Fame: The Original Soundtrack from the Motion Picture is the soundtrack from the film of the same name, released in 1980 by RSO Records. In 2003, it was reissued on CD with three bonus tracks, which was then reissued again in 2009 and 2012.

== Release and singles ==
The motion picture soundtrack album for Fame was released in the U.S. on May 16, 1980, by RSO Records. It features nine songs, all of which appear in various scenes in the film. In his later review for AllMusic, Stephen Thomas Erlewine awarded the album five stars out of five and wrote, "Yes, the production techniques often do sound dated ... but the music by Michael Gore is dynamic, varied, and alive, sung with real passion and vigor, and it still retains its essential spark 23 years after it was a pop culture phenomenon."

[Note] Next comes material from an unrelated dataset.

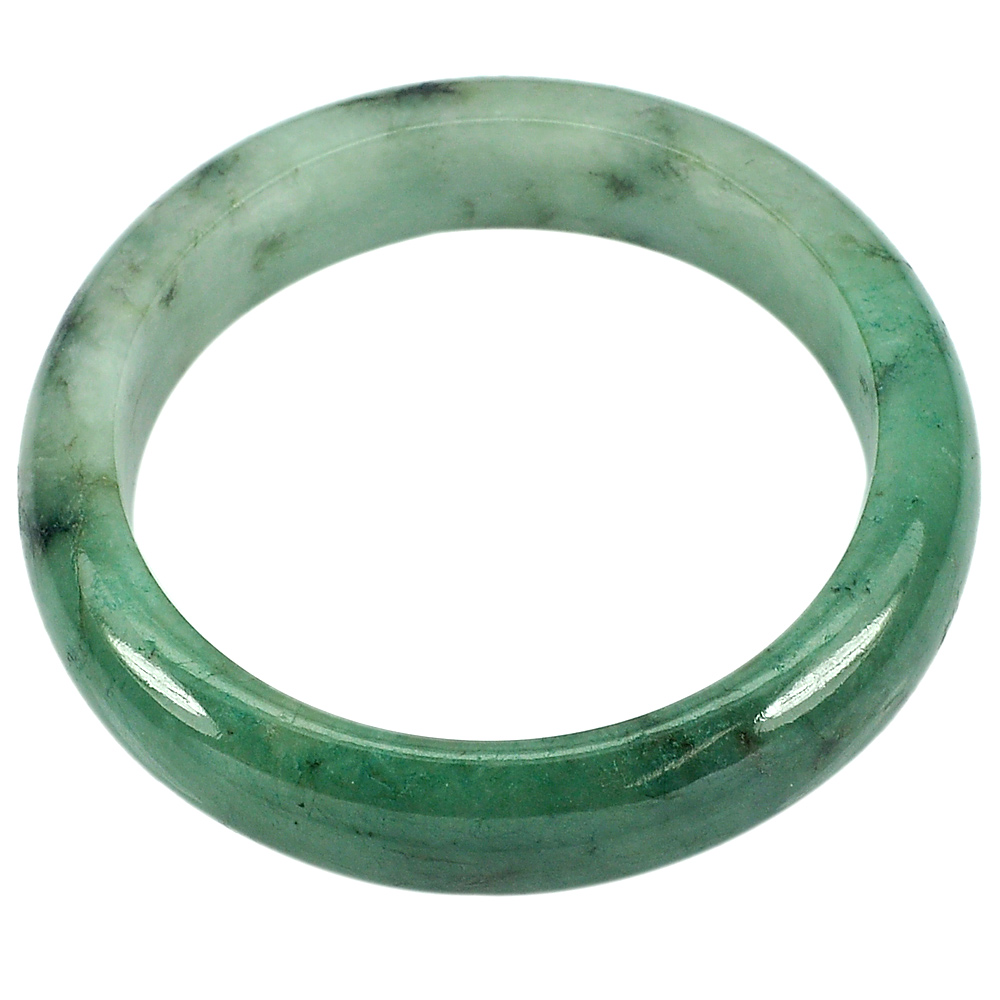 299.64 Ct. Natural Gemstone Green Color Jade Bangle Diameter 55 mm. Unheated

In the US, the title song "Fame" was released as a single in May 1980, and reached number 4 on Billboards Hot 100 chart while the album reached number 7 on the Billboard 200 chart. A second single, "Out Here on My Own", was released in August and reached number 19 on the Hot 100 chart, while the third single "Red Light" by Linda Clifford was number 41.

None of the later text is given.